Acusado de assassinato cruel de pastor do Arizona pede pena de morte para provar ser ‘filho de Deus’
O suspeito de ter assassinado o pastor William “Bill” Schonemann, de 76 anos, em um ritual que simulou uma crucificação no Arizona, solicitou à corte a aplicação da pena de morte. Adam Sheafe, que confessou o crime e se declarou “não contestar” as acusações, expressou o desejo de acelerar o processo judicial.
O crime ocorreu no final de abril no domicílio do pastor em New River, Arizona. Segundo o Maricopa County Sheriff’s Office, a polícia foi acionada após uma chamada de emergência. Sheafe é acusado de matar e mutilar o idoso, colocando uma coroa de espinhos em sua cabeça e posicionando seu corpo com os braços abertos, em uma cena descrita como perturbadora e semelhante a uma crucificação.
Em depoimento judicial, o acusado declarou que o crime foi intencionalmente hediondo. “É um fato indiscutível que a vítima, Pastor Bill Schonemann, tinha mais de 70 anos. É um fato indiscutível que o crime foi hediondo em sua natureza. Eu o intendedi para ser hediondo… É por isso que estou dizendo, por que temos que arrastar isso por tanto tempo? Por que não podemos simplesmente ir para a sentença? Não estou contestando nada”, afirmou Sheafe.

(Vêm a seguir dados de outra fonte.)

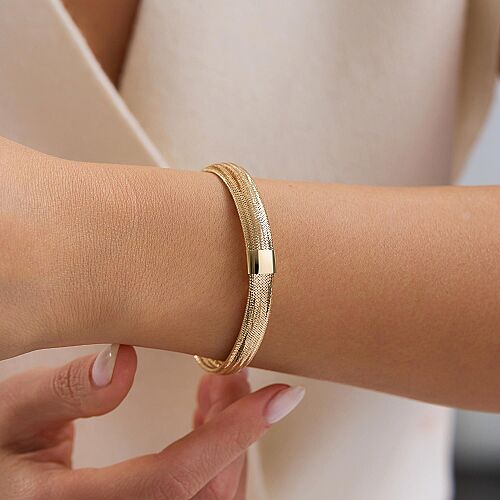 14 Ayar İtalyan Mesh Esnek Altın Bilezik 8 mm 2.25 Gram - SembolGold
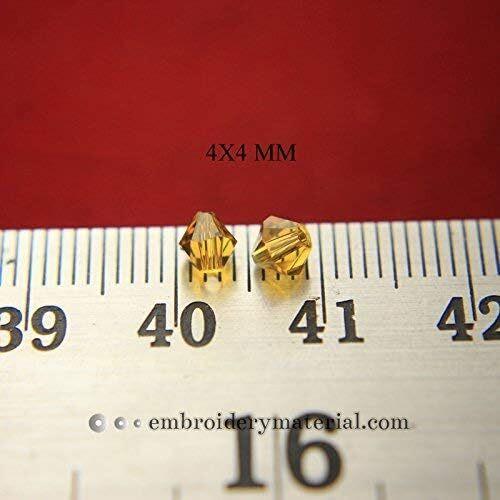 Embroiderymaterial Crystal Lemon Zest Beads For Jewellery Making, Bracelet Making, Craft, Bag Making, Embroidery, Embellishment, Toran Making, Pusalu Making (Lemon Zest, 288 Pieces)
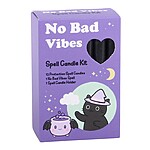 Kit No Bad Vibes Spell – Set 12 Lumânări Negre din Parafină cu Suport din Lemn - imagine 2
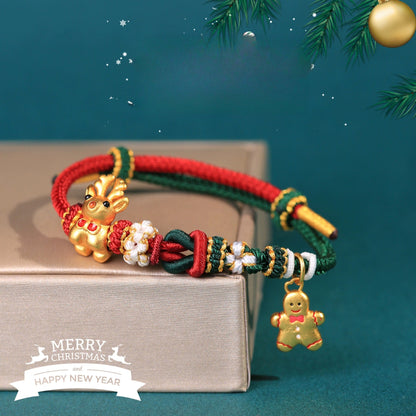 Christmas Red String Bracelet for Women – Reindeer & Gingerbread Charms New Year Gift - STAR8S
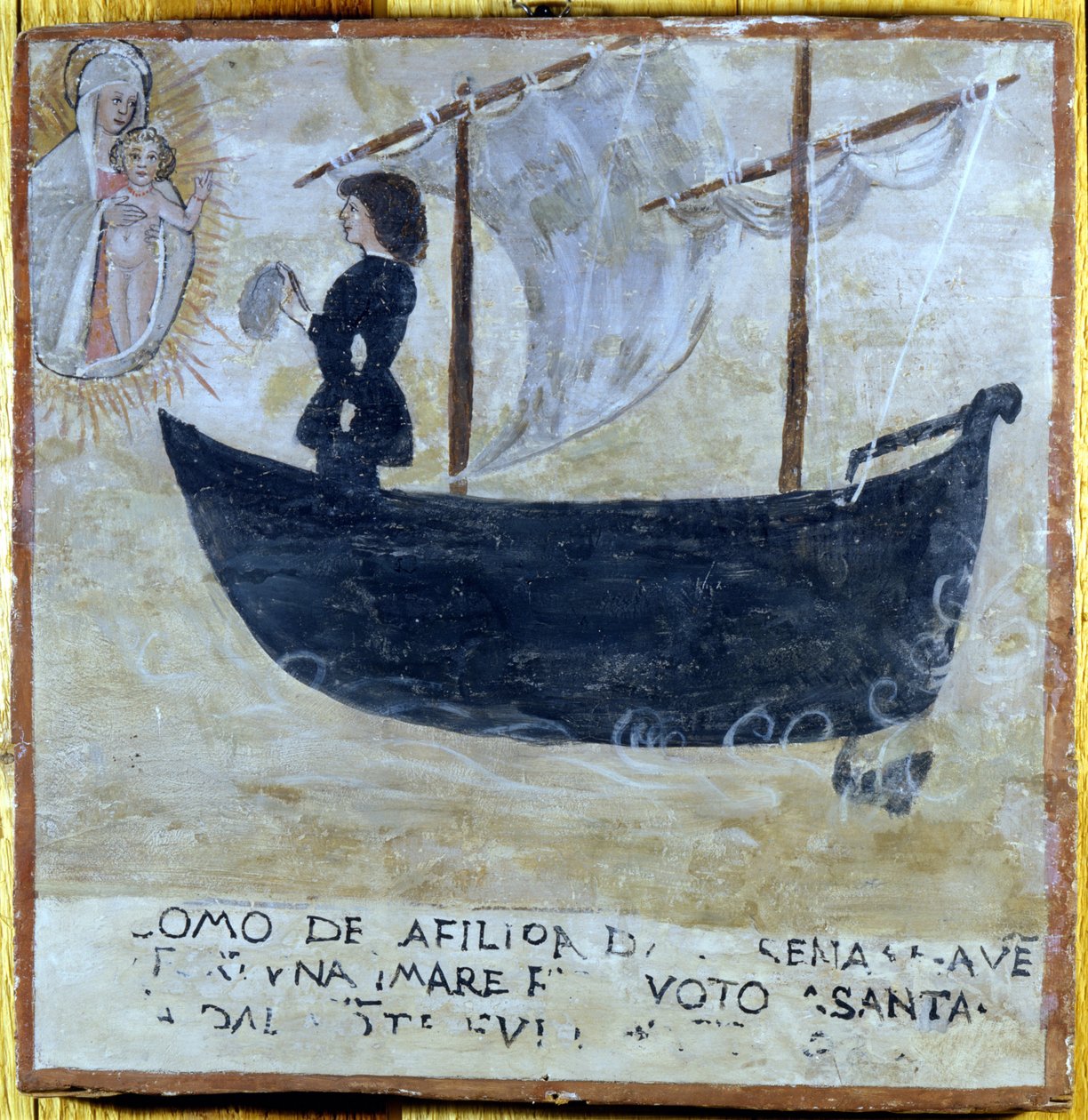 Laiva pelastettu myrskyltä. Ex voto 1500-luvulta Madonna del Monten pyhäköstä Cesenassa (Forlí). tekijältä Unknown artist
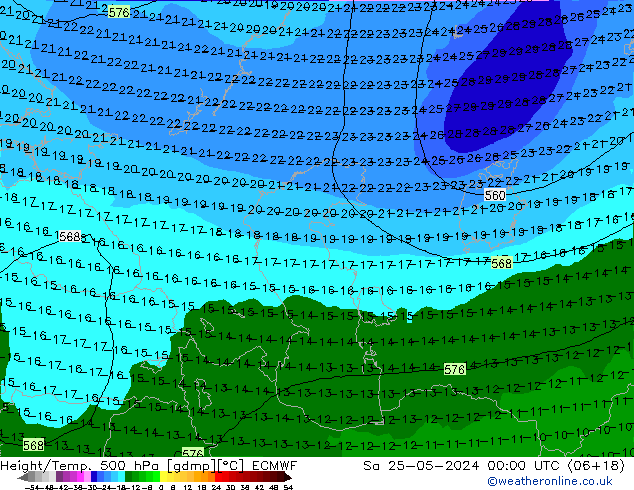 Z500/Rain (+SLP)/Z850 ECMWF sam 25.05.2024 00 UTC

“Eu quero a pena de morte porque quero mostrar que você não pode matar o filho de Deus.”
Em entrevista concedida de dentro da prisão, Sheafe revelou motivações bizarras para seus atos. Ele afirmou que, se seu pai o colocasse em uma posição de autoridade na Terra, ele executaria todos os padres e incendiaria todas as igrejas. O suspeito declarou querer a pena capital para provar sua suposta divindade.
O pai de Sheafe, Chris Sheafe, informou que o filho possuía um extenso histórico criminal e que, recentemente, havia desenvolvido uma obsessão pelo Antigo Testamento. A promotoria do Condado de Maricopa aponta que a morte do Pastor Schonemann fazia parte de um plano maior de Sheafe para assassinar 14 líderes cristãos em todo o país. Ele teria decidido iniciar a série de assassinatos no Arizona, local onde foi batizado quando criança.
Segundo relatos, Sheafe disse às autoridades no momento de sua prisão que pretendia matar os pastores por eles terem “quebrado o primeiro mandamento” ao declarar Jesus como Deus. Ele já foi indiciado por um grande júri em seis acusações criminais graves, incluindo assassinato em primeiro grau, relacionadas ao homicídio de Schonemann. Sheafe foi detido em Sedona, onde autoridades alegam que ele planejava matar um segundo pastor. Sua próxima audiência está marcada para 24 de abril.